Identity politics is alive and well in both parties. Accusing the other party of narrowly appealing to blacks and women is an effective way of making one’s own narrow appeal to white men. And vice versa.
But class mattered too
Coates emphasizes that Trump was elected by a broad coalition of white voters–men and women, young and old, with and without college degrees. But his own numbers show that Trump won white college graduates by only 3 points, while winning white non-graduates by 37 points. No doubt economic issues played a role in that result, since people without college degrees are faring especially poorly in the new economy.
However, we cannot be sure that even people who are in the working class actually voted on the basis of their class interests. They could still be voting more as whites clinging to white privilege, as men with disparaging attitudes towards women, or as evangelical Christians hostile to gay rights. All of these tendencies are more common in the less educated white population, and especially in the less educated white Southern population. They may even be voting against their true class interests, if voting conservative on race, gender or religious grounds plays into the hands of economic elites pursuing their own agenda.
When less educated workers do vote their economic interests and insecurities, they may be drawn to an ugly, zero-sum, “beggar thy neighbor” kind of economics. The aim is to protect one group’s jobs at the expense of some other group, such as immigrants or foreigners or even U.S. citizens in other industries. Tariffs on steel may help U.S. steelworkers but hurt not only foreign steelworkers but workers in other domestic industries affected by higher steel prices.
Trump’s populist appeal continues a long tradition of appeals that do not so much help workers as a class as keep them fighting among themselves for meager benefits, while the interests of the wealthy are fully served. That’s a pretty good description of Trump’s fiscal policy, which cuts taxes primarily for the few while hurting programs beneficial for the many.
How to respond?
The fact that race and class are so entangled in our politics makes Coates’s emphasis on race both illuminating and limiting. How much to focus on race in our political discussions remains a delicate issue.
When Obama was interviewed by Coates, he said, “I’m careful not to attribute any particular resistance or slight or opposition to race.” He understood that calling his white opponents racists would only harden opposition to his policy agenda. Unfortunately, Hillary Clinton couldn’t resist calling Trump supporters racists, sexists and xenophobes–deplorables, in short–and that didn’t help her cause either.
I would like to see politicians promote their policies with positive appeals to egalitarian values and the general economic good. For progressives, that includes sharpening their economic message to persuade people that progressive taxation to support investments in education, infrastructure and universal health insurance is better than more trickle-down economics. To those who say the country cannot afford these things, progressives should challenge them to explain how we can afford still more tax cuts, extravagant military expenditures and deficits.
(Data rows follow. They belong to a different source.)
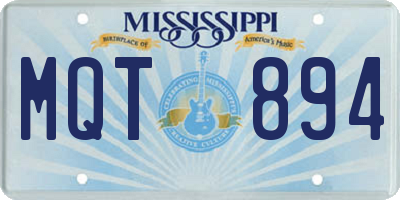 MS license plate MQT894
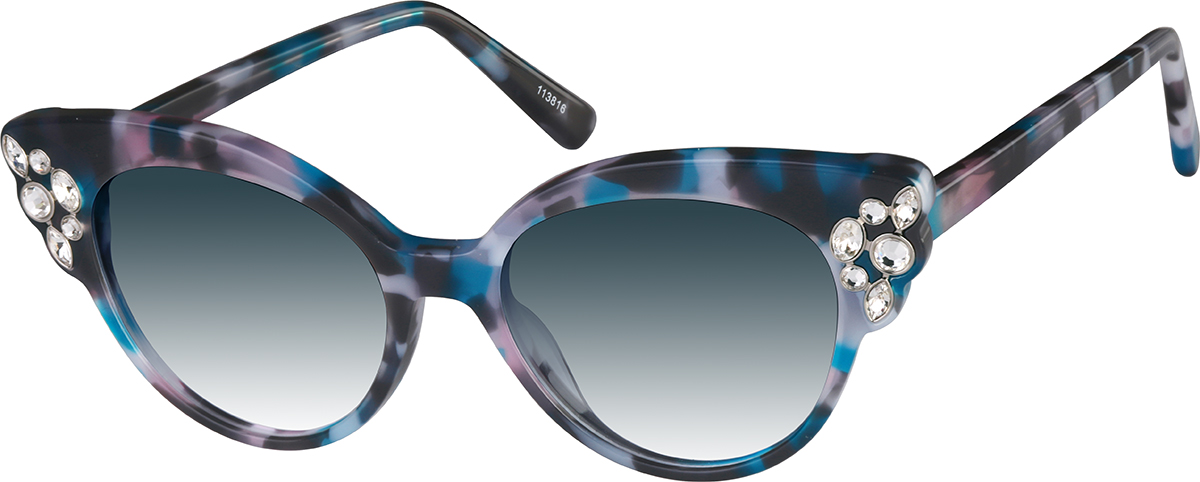 Zenni Womens Retro Cat-Eye Rx Sunglasses Pattern Plastic Full Rim Frame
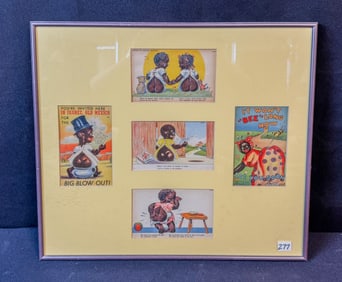 5 Black Americana Postcards, c. 1930s, Framed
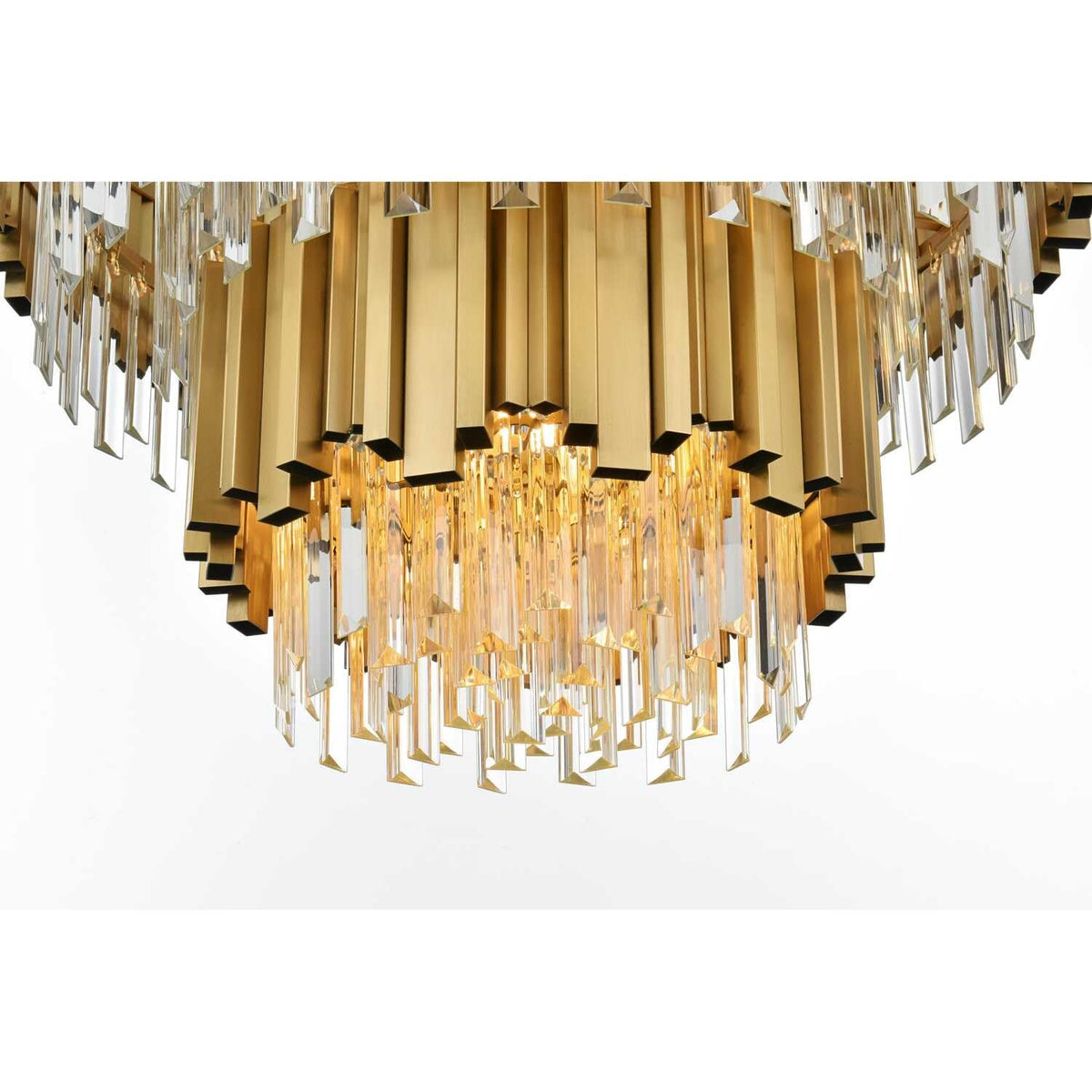 Willow Eight Light Chandelier Satin Gold by Lighting Design – Iron, Satin Gold, Model 3400G24SG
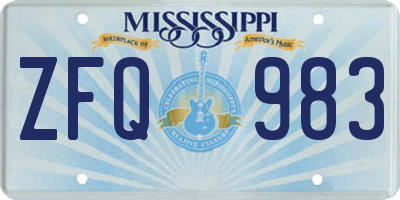 MS license plate ZFQ983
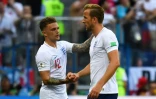 Le buteur anglais Harry Kane (d) et son coéquipier Kieran Trippier contre le Panama, le 24 juin 2018 à Nijni Novgorod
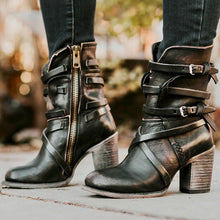 Cargar imagen en el visor de la galería, LZJ 2019 Women Ankle Boots Block High Heels Botas Zapatos Mujer Retro Leather Winter Shoes Plus Size Booties Cowboy Boots 35-43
As an educator, I realized that I had to gently lead my students to raise their consciousness about race and gender, so they could gradually acknowledge and transcend their own prejudices. I would like to think that a good political leader would also be partly such an educator. We must call out political operatives who manipulate prejudices for their own advantage, but we must also have some faith in the majority of Americans to achieve greater racial understanding. Coates admits that his own experience–and his experience of the Obama years in particular–has caused him to lose that faith. I understand his pessimism, but I cannot endorse it.